━━━ DATA PROVIDED ━━━
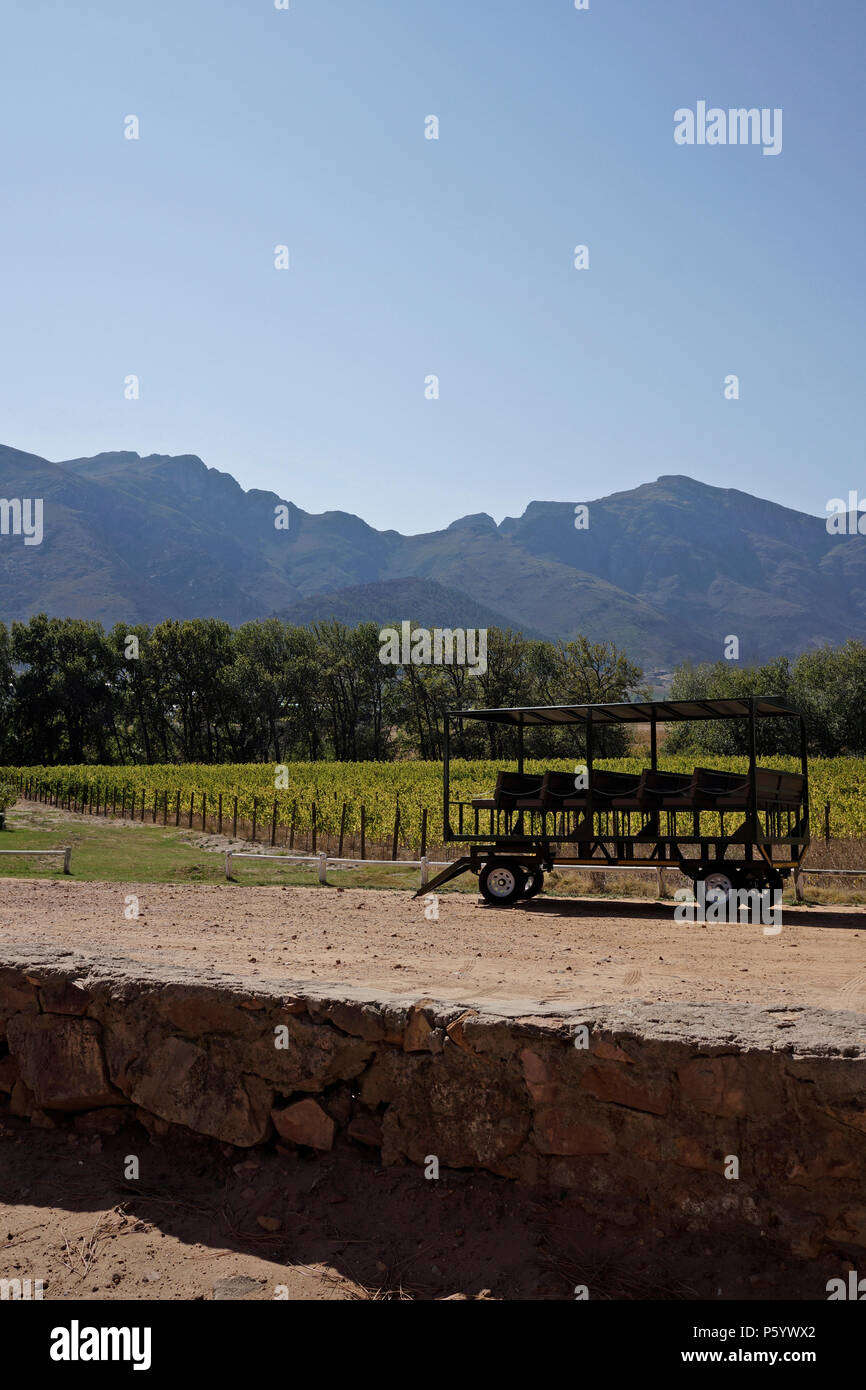 Rickety Bridge Weingut in Franschhoek in der Cape Winelands von Südafrika. Stockfoto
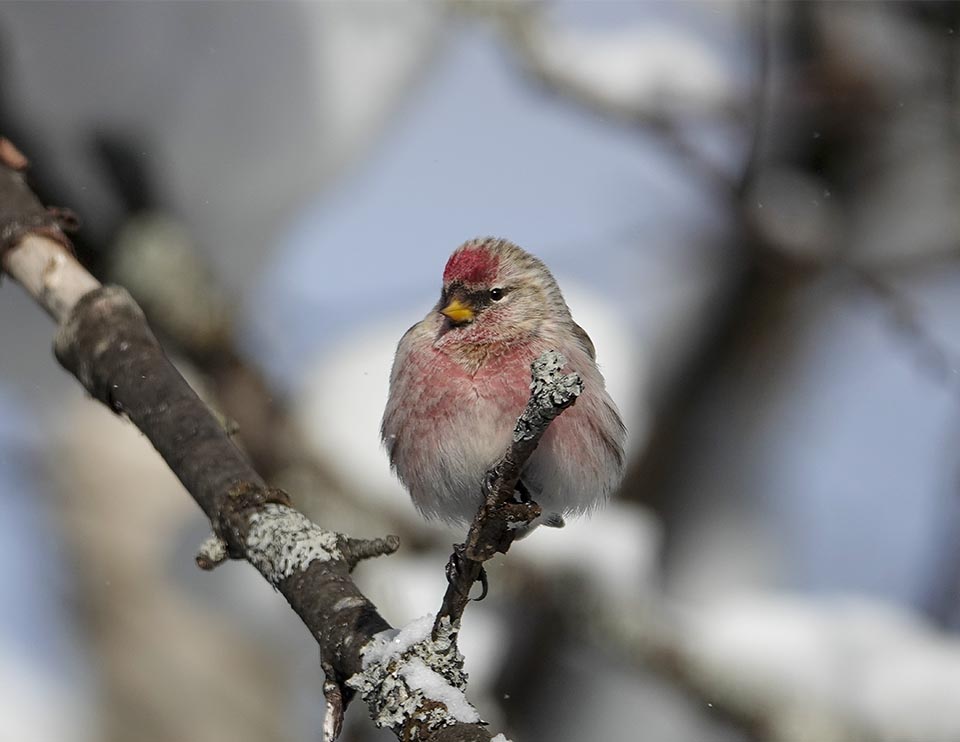 Adirondack Winter Birds: Common Redpoll near Country Club Lane, Essex County, NY (30 January 2021). Click for a larger image, opening in a new window. Adirondack Winter Birds: Common Redpoll near Country Club Lane, Essex County, NY (30 January 2021).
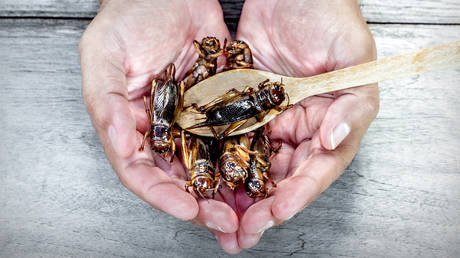 Евросоюз в ловушке зависимости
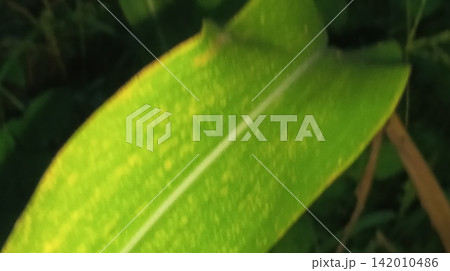 Close up macro of green corn plant leaves on dashboard 142010486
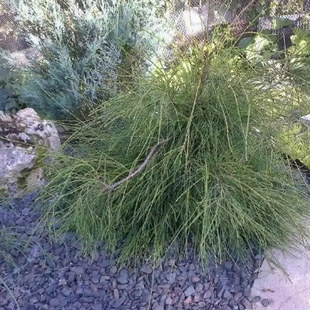 针叶树 北美香柏 小马 Thuja occidentalis Little Filly
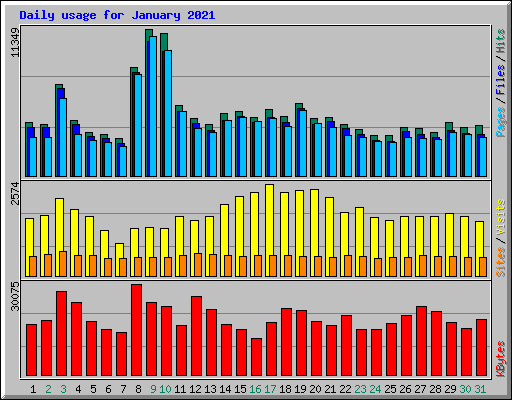 Daily usage for January 2021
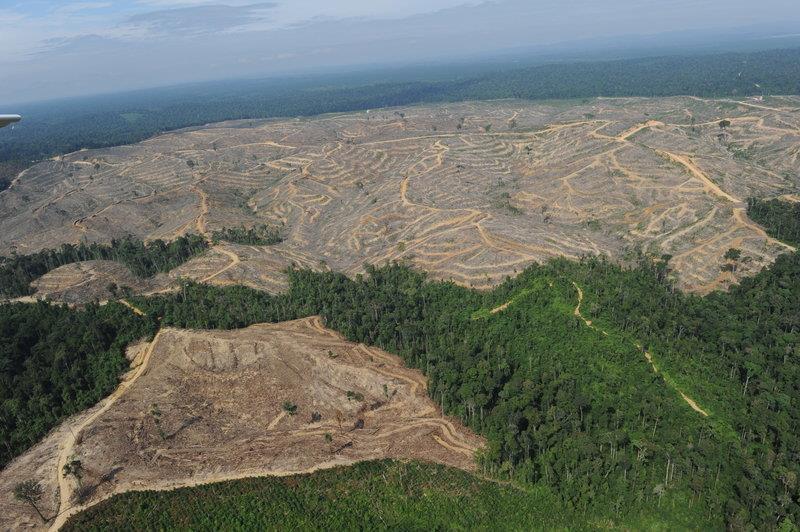 Deforestación El principal impacto que las ONGs denuncian es la deforestación.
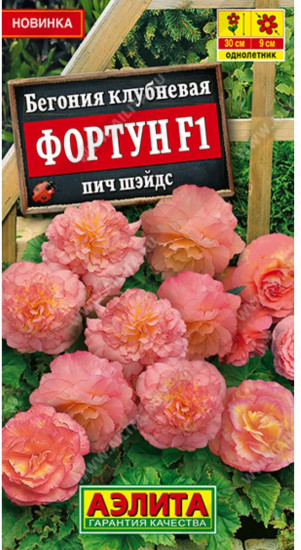 Бегония клубневая «Фортун F1 пич шэйдс»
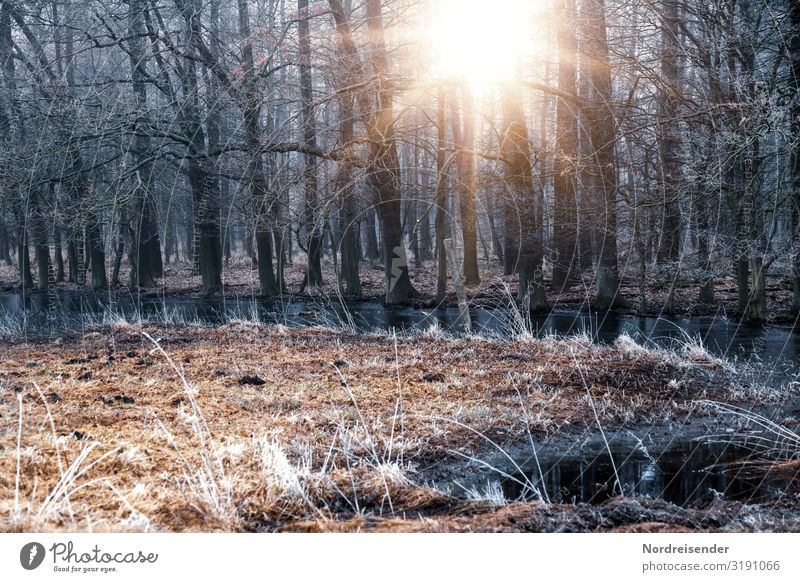 Novemberwetter ruhig Ausflug Natur Landschaft Sonne Herbst Winter Wetter Schönes Wetter Eis Frost Blume Gras Wiese Wald Moor Sumpf Bach verblüht kalt Stimmung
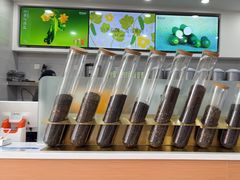 -雾与山茶(大禹城店)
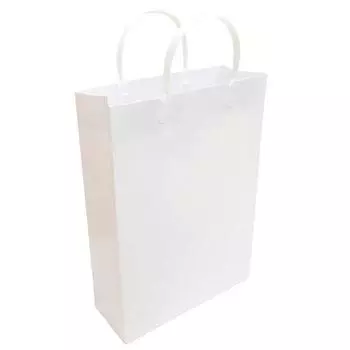 Подарочный пакет Ehime Shiko, ламинированный, формат А4, белый, 10 шт. в упаковке PPA4-WH-10P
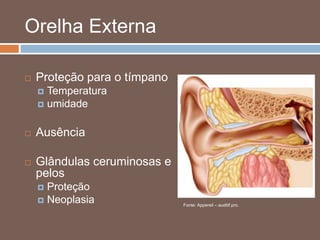 Orelha Externa
 Proteção para o tímpano
 Temperatura
 umidade
 Ausência
 Glândulas ceruminosas e
pelos
 Proteção
 Neoplasia Fonte: Appereil – auditif.pro.
 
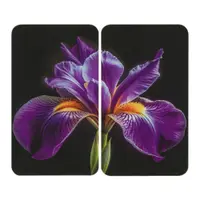 Protecții de aragaz 2 buc. din sticlă temperată 52x30 cm Iris – Wenko
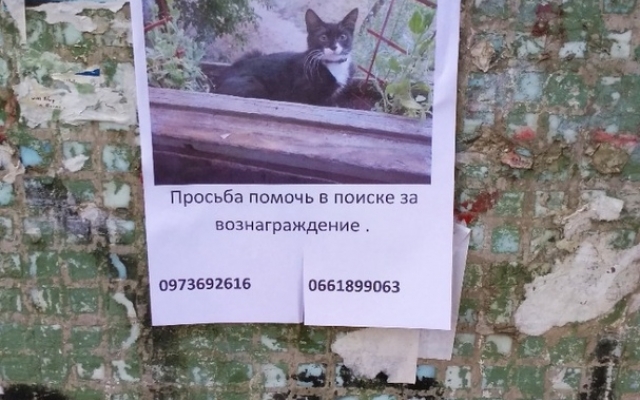 В Запорожье нашедшему кота обещают вознаграждение (ФОТО) Фото № 0 В Запорожье нашедшему кота обещают вознаграждение (ФОТО) Фото № 0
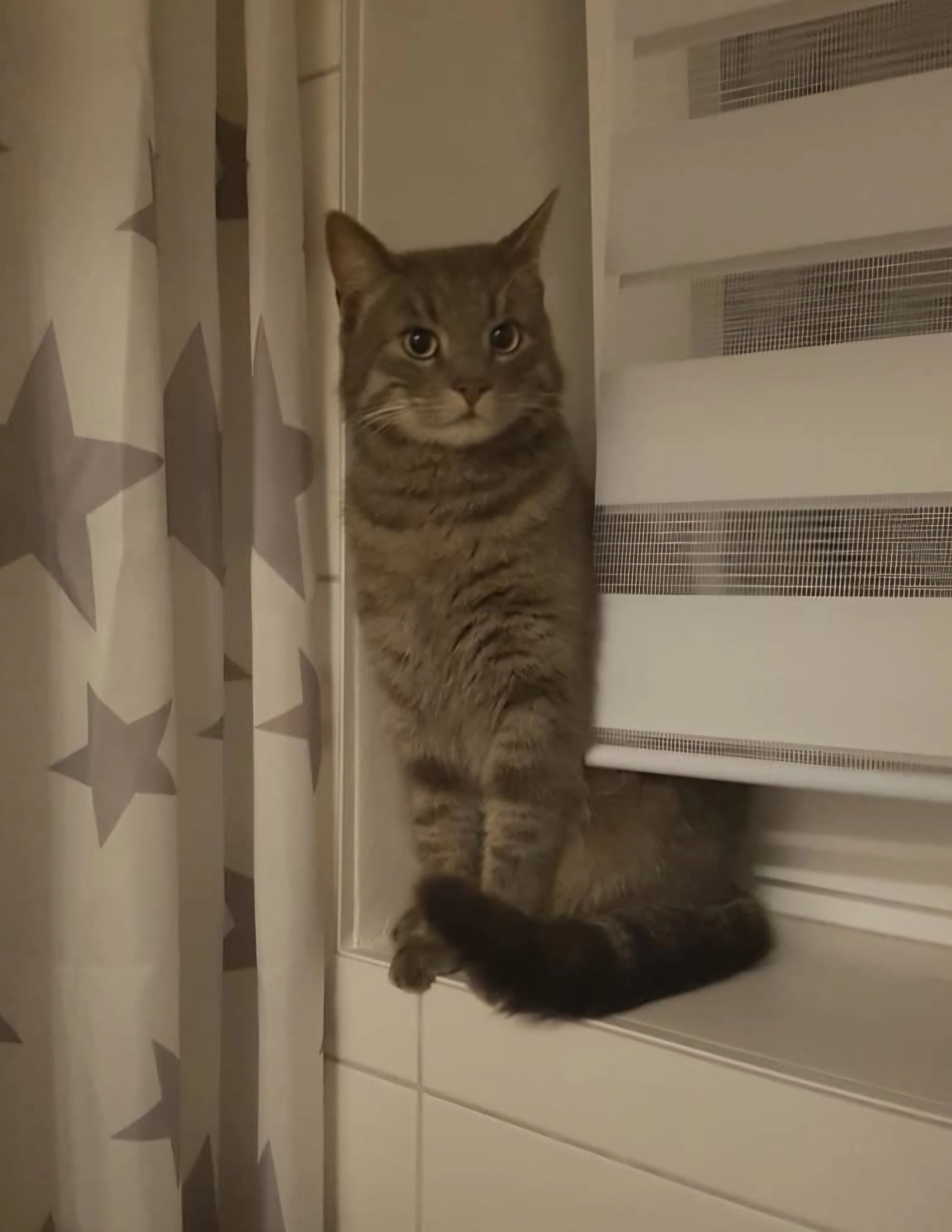 Marley - 5165, Berndorf bei Salzburg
━━━
PROMPT
Your task is to repeat the opening line of the entries above and each line after it, ending with the line that has "-雾与山茶(大禹城店)". Do not include the pictures.

EXERCISE ANSWER
 Rickety Bridge Weingut in Franschhoek in der Cape Winelands von Südafrika. Stockfoto
 Adirondack Winter Birds: Common Redpoll near Country Club Lane, Essex County, NY (30 January 2021). Click for a larger image, opening in a new window. Adirondack Winter Birds: Common Redpoll near Country Club Lane, Essex County, NY (30 January 2021).
 Евросоюз в ловушке зависимости
 Close up macro of green corn plant leaves on dashboard 142010486
 针叶树 北美香柏 小马 Thuja occidentalis Little Filly
 Daily usage for January 2021
 Deforestación El principal impacto que las ONGs denuncian es la deforestación.
 Бегония клубневая «Фортун F1 пич шэйдс»
 Novemberwetter ruhig Ausflug Natur Landschaft Sonne Herbst Winter Wetter Schönes Wetter Eis Frost Blume Gras Wiese Wald Moor Sumpf Bach verblüht kalt Stimmung
 -雾与山茶(大禹城店)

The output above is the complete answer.